**TO DO:** Any picture in the range stays out of the copy; retype exactly the lines from the one with "Фотограф делает реалистичные" to the end of the listing.

**INFORMATION SUPPLIED:**
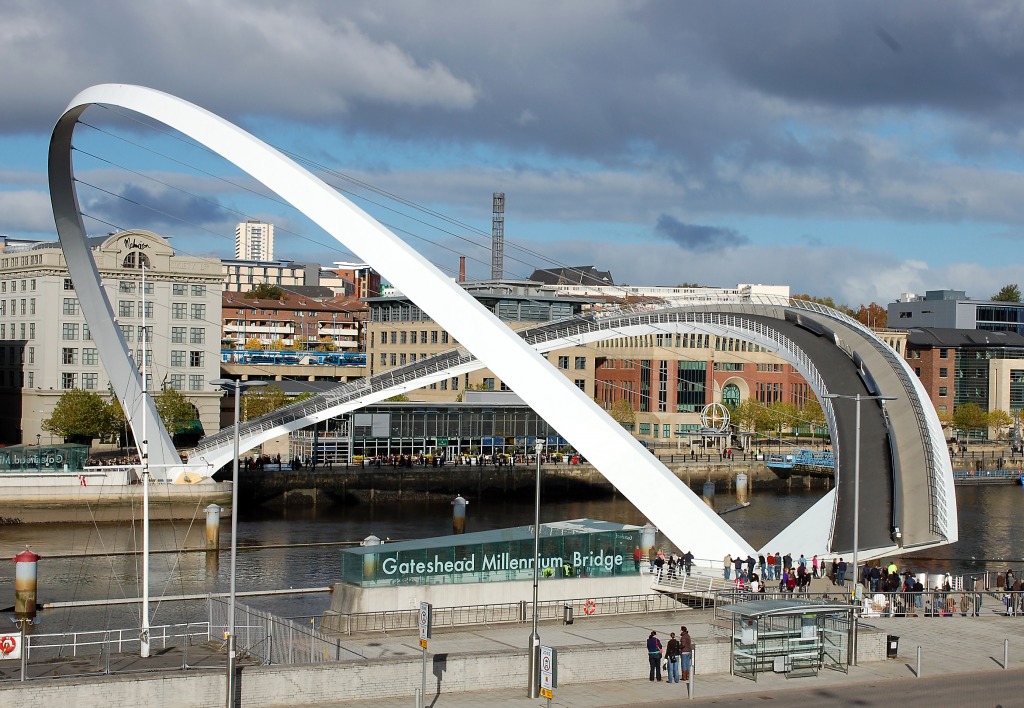 Millenium Bridge, Newcastle jigsaw puzzle in Bridges puzzles on TheJigsawPuzzles.com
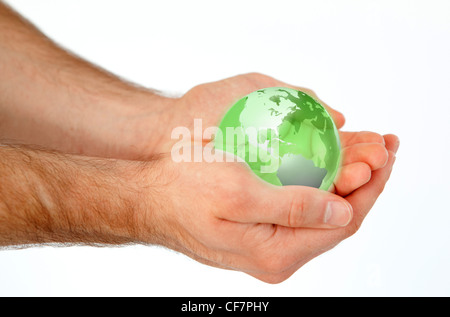 Mains tenant un masculin planète 3d globe Banque D'Images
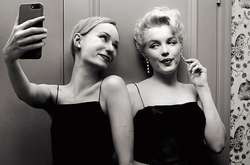 Фотограф делает реалистичные селфи со звездами, которых давно нет в живых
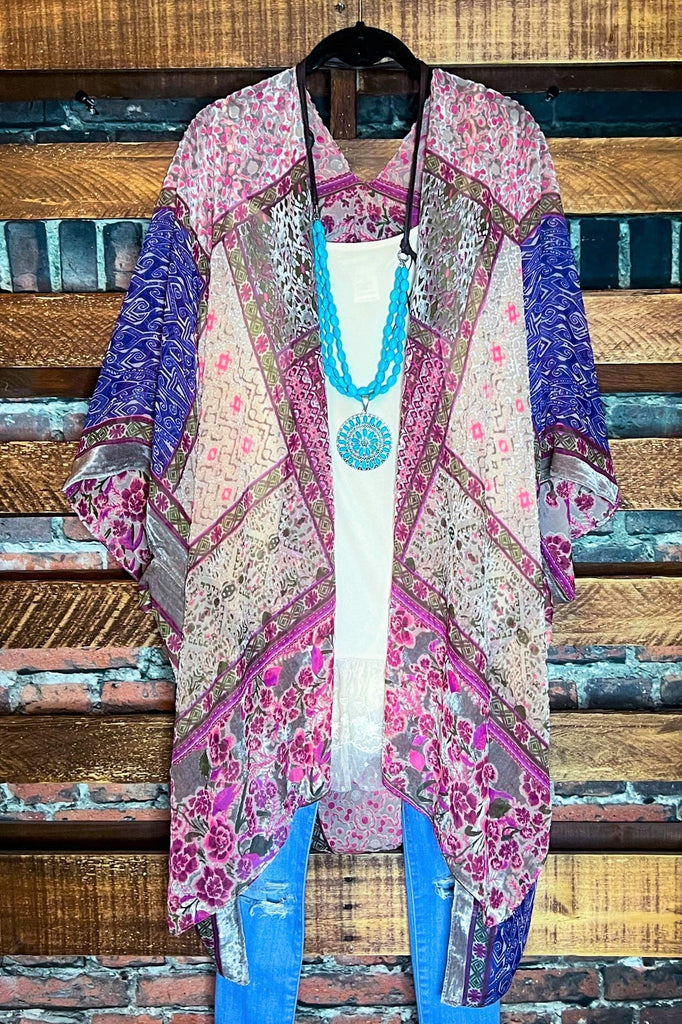 SWEET NOSTALGIA PINK PURPLE & MULTI COLOR VELVET BURNOUT KIMONO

**RESPONSE TO THE TASK:**
 Фотограф делает реалистичные селфи со звездами, которых давно нет в живых
 SWEET NOSTALGIA PINK PURPLE & MULTI COLOR VELVET BURNOUT KIMONO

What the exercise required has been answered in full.